Akşam üzeri işten yorgun argın eve geldiğinde kapıda önce eşi karşılardı. İçeriye adım atar atmaz takım elbiselerini değiştirir, ev kıyafetlerini giydikten sonra salona geçerdi. Salonda  televizyon ve kitaplar bekliyor olurdu. Üçü küçük oğlunun okumak istediği Amerikalı yazar Jack London'un kitapları, biri Nihat Genç'in Köpekleşmenin Tarihi isimli bir kitabı ile Dücane Cündioğlu'nun fikirlerini serdettiği Hz İnsan isimli emanet bir kitaptan ibaretti.

Artık o gün ruh durumu hangi kitabın konularına meylederse o kitabı eline alır, yemek vaktini haber veren eşinin ikazını ya da çocuklarının ikazına kadar kitaplarla haşır neşir olurdu. Okur düşünür, okurken düşünür, bazen düşünmesi uzun sürer daha sonra diğer sayfayı çevirirdi. Aklına nice fikirler gelirdi. Bu fikirleri ve kitaptaki bilgileri bir not kağıdına yazdığı günler olmuştu eski zamanlarda, gençlik zamanlarında. Şimdi ise okuduklarıyla ilgili notlar almak zor geliyordu. Ama not almadan okumak da sanki film seyretmenin bir başka hali gibi -boş- geliyordu.

Uyku zamanı geldiğinde bazen seyyar pilli okuma lambasını ve okumakta olduğu kitabı da yanına alıp -gece canı okumak isterse diye- yatağının başucuna koyduğu olurdu.

Nihat Genç'in Köpekleşmenin Tarihi kitabını okurken sanki Nihat Genç karşısında heyacanla anlatıyor gibi gelirdi.

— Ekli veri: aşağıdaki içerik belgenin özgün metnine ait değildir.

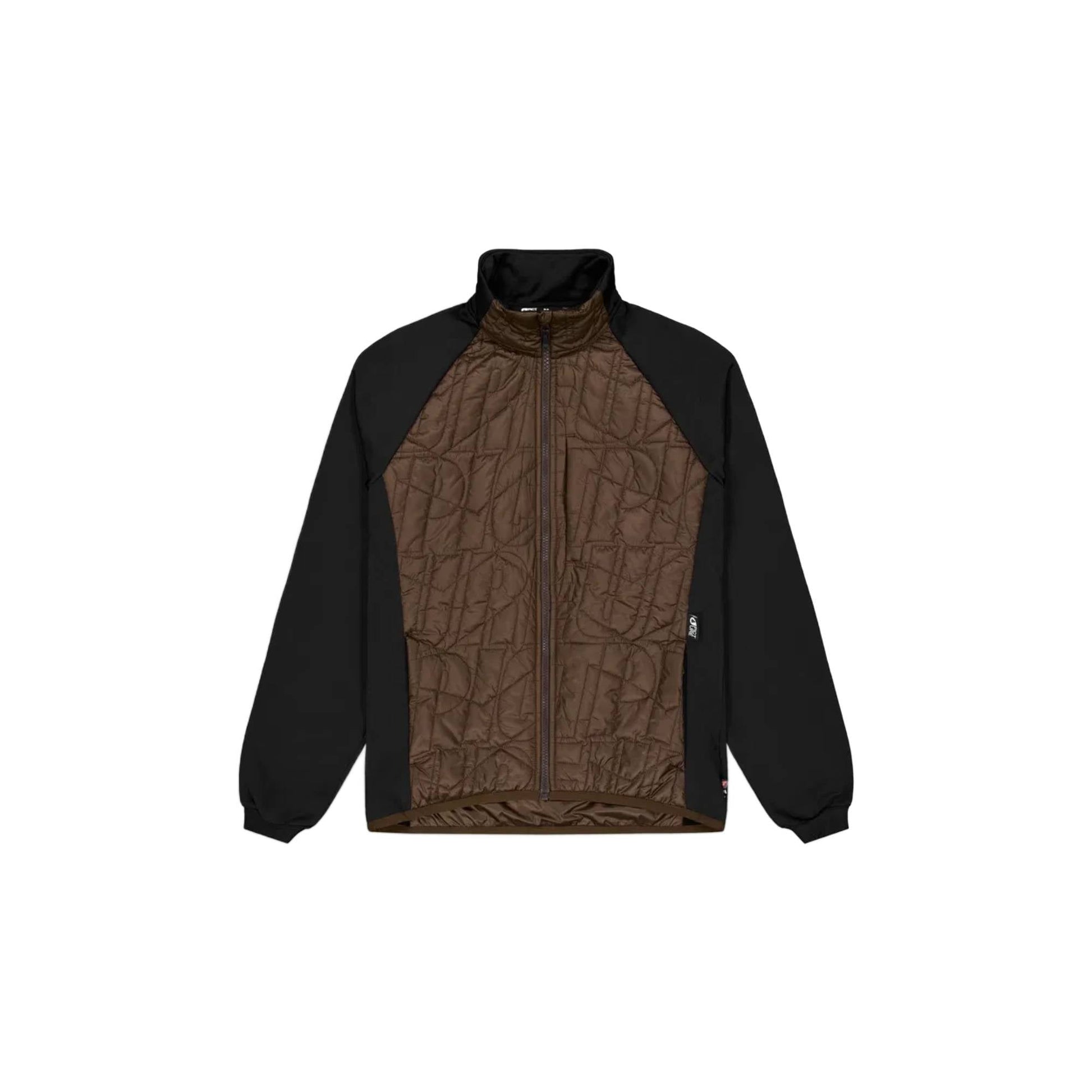Picture Tehanie Womens Hybrid Jacket 2025 - Skiis & Biikes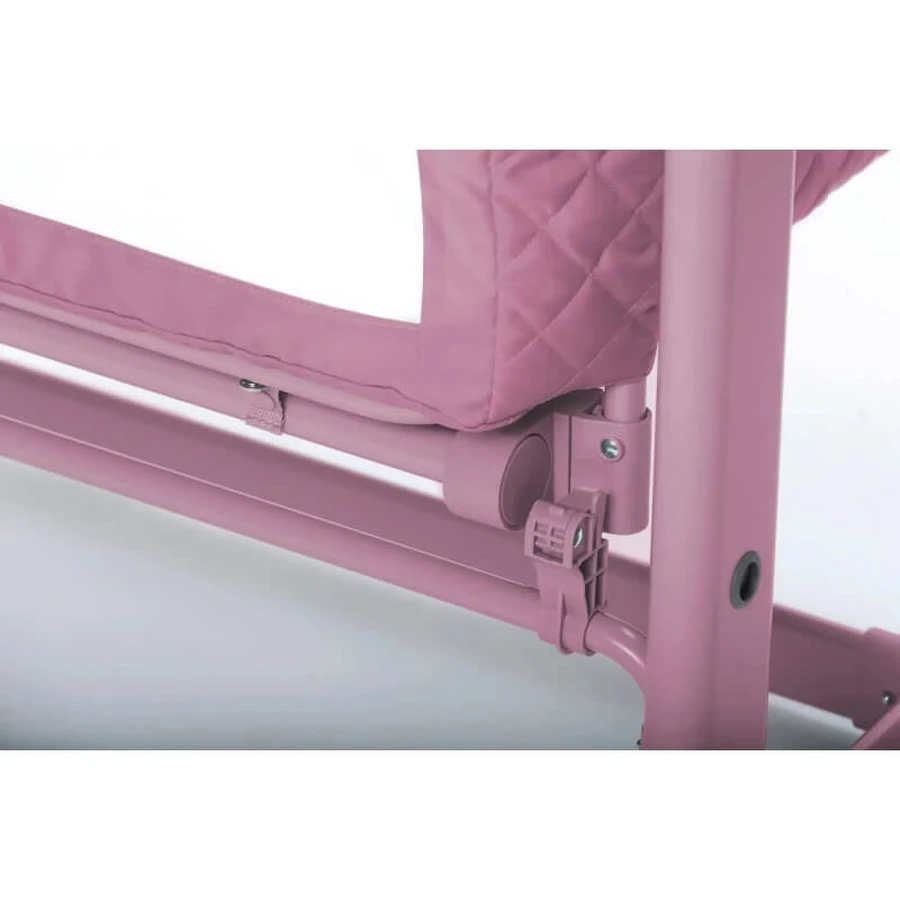 Chicco next2me magic - Blossom Co-Sleeping Crib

Yazarın öfkeli heyecanlı halini bildiğinden o da kitabın adrenali yüksek satırları arasında, olayların anlatılışına göre yazarla beraber kızıp, yazarla berbaber üzüldüğü, kahrolduğu olurdu. O sebeple kendini iyi hissetmediği vakitler Nihat Genç okuma zamanı değildi onun için. Dücane Cündioğlu bir başka aleme götürürdü. Sakin, sessiz sadece fikirlerin analiz edildiği, ameliyat edildiği ameliyat masalarında karşılıklı otururlardı. Doğal olarak hep anlatan Cündioğlu hep dinleyen kendisi olurdu. Bu arada yazarın aklından geçen  düşünceleri ne kadar açık şekilde kitaba yazabildiği, anlatabildiği, içindekileri ifade edebildiğini takdir ederdi. Kitabı kendisine veren arkadaşının altlarını çizdiği bazı cümlelerin kendisinin ilgisini çekmediğini, o cümlelerden önce başka cümlelere kendisinin daha çok ehemmiyet verdiğini de farketmişti. Kendisi başka renkte bir kalemle çizseydi ilginç olurdu diye düşündü. Ama emanetti. Sadece okumak ve düşünmek üzere izin almıştı.

Bu arada yazarların  içlerinden gönüllerinden geçenleri/dertlerini okuyucuya anlatarak aktarmak ve ızdıraplarını ve sevinçlerini paylaşmak istediklerini, samimiyetlerini hissediyordu.

Bazen kitapların eksildiğini evin başka odalarına götürüldüğünü görüyordu. Küçüük oğlunun dağınık yatağının başucunda  kitap gördüğünde, ya da yatağına uzanmış dalgınlıkla kitap okuduğunu görünce seviniyor kapısını memnuniyetle yavaşça sessizce kapatıyordu.
.. 
Evin üst katında nice okumak için sıraya koyduğu kitap olmasına rağmen, neden onlara fazla dokunmadığını da düşündü. Onlar elini altındaydı. Bir gün kitap tedarik edemeyecek duruma düşerse eldekileri o zaman okurum diye mi düşünüyordu acaba?

Hiç yorum yok:

Yorum Gönder

Arkadaş

Uzun yıllardan beri tanıdığı, ne zaman rastlasa yüzünden tebessümü eksik olmayan  nazik naif bir insandı. Gençlik yıllarından beri içinde ya...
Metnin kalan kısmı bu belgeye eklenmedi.